Tutorial SIR2 Treelikelihood (original) (raw)

XML Generation: Calculating a structured tree likelihood

Tutorial objectives:

Show how to use PhyDyn's XML generator to create and test a PhyDyn STreeLikelihoodODE XML object.
Describe the basics of STreeLikelihoodODE.

Introduction

The goal of these tutorials is to introduce, step-by-step, PhyDyn's (BEAST2) components, analyses and tools. The tutorial sequence also suggests a work-flow. The first step of this work-flow consists on the definition and execution (test) of the population model we are planning to use in our analyses. The output of this initial step (Tutorial) is an XML PopModelODE specification that, when plugged to a TrajectoryOutput object, generates a csv file with the trajectory time-series.

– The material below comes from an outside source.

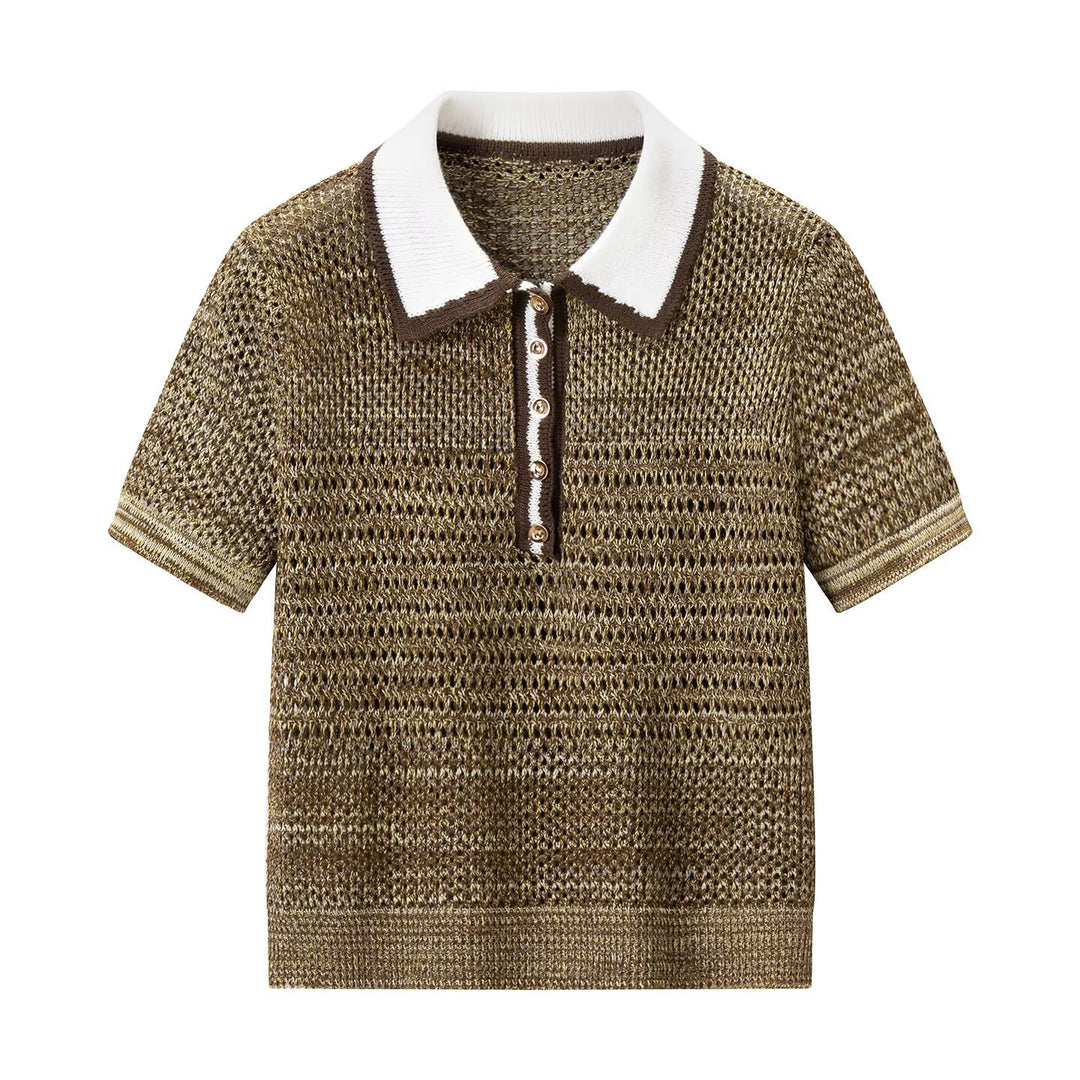 Damen Polo-Shirt mit dekorativem Strickmuster und klassischem Kragen Drune
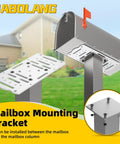 Mailbox Mounting Bracket For Post Mount Mailboxes with white plate and bottom mount holes on 4x4 post in garden setting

In this tutorial we show how to use PhyDyn's XML generator to create and test a PhyDyn STreeLikelihoodODE XML object. A STreeLikelihoodODE object is a PhyDyn/BEAST CalculationNode that computes the likelihood of a given phylogenetic tree with respect to a population model trajectory. In the previous tutorial, we defined the two-deme PhyDyn population model by working directly on an XML file. This is the recommended way of defining PhyDyn models i.e. to use a text editor to create and modify a BEAST/PhyDyn XML file. However, XML editing becomes a challenging and time-consuming task for even simple BEAST/PhyDyn analyses. For example, a STreeLikelihoodODE object requires the following components:

A population model (PopModelODE) object.
A phylogenetic tree. Our example uses a TreeParser object associated to a Newick string.
A TaxonSet used to link the tree's nodes to data (TraitSet).
A Type trait and a Date Trait (optional).

In order to facilitate this task, BEAST2 is complemented by BEAUti, an XML generation tool. Similarly, PhyDyn comes equipped with XMLGenerator, a runnable XML object that generates basic PhyDyn analysis XML files. This tutorial deals with the simplest of XMLGenerator's outputs, an XML file made of:

A complete STreeLikelihoodODE component generated from a PopModelODE model specification (we use the two-deme defined in the previous tutorial) and a Newick tree file.
A LikelihoodOut component, a runnable object (effectively, a wrapper) that prints the log-likelihood computed by the STreeLikelihoodODE object.

Simulation: Phylogenetic trees for our two-deme SIR model

Phylogenetic trees are key components to BEAST analyses. In the context of PhyDyn, we want to assess the likelihood of a structured tree given a population process trajectory or history. A BEAST analysis can use a fixed tree e.g. a maximum likelihood tree generated by another analysis, or work through a sequence of trees generated via sampling. For this example (and the following tutorial) we will work with a 100-tip Newick tree generated by sampling on a population process using MASTER.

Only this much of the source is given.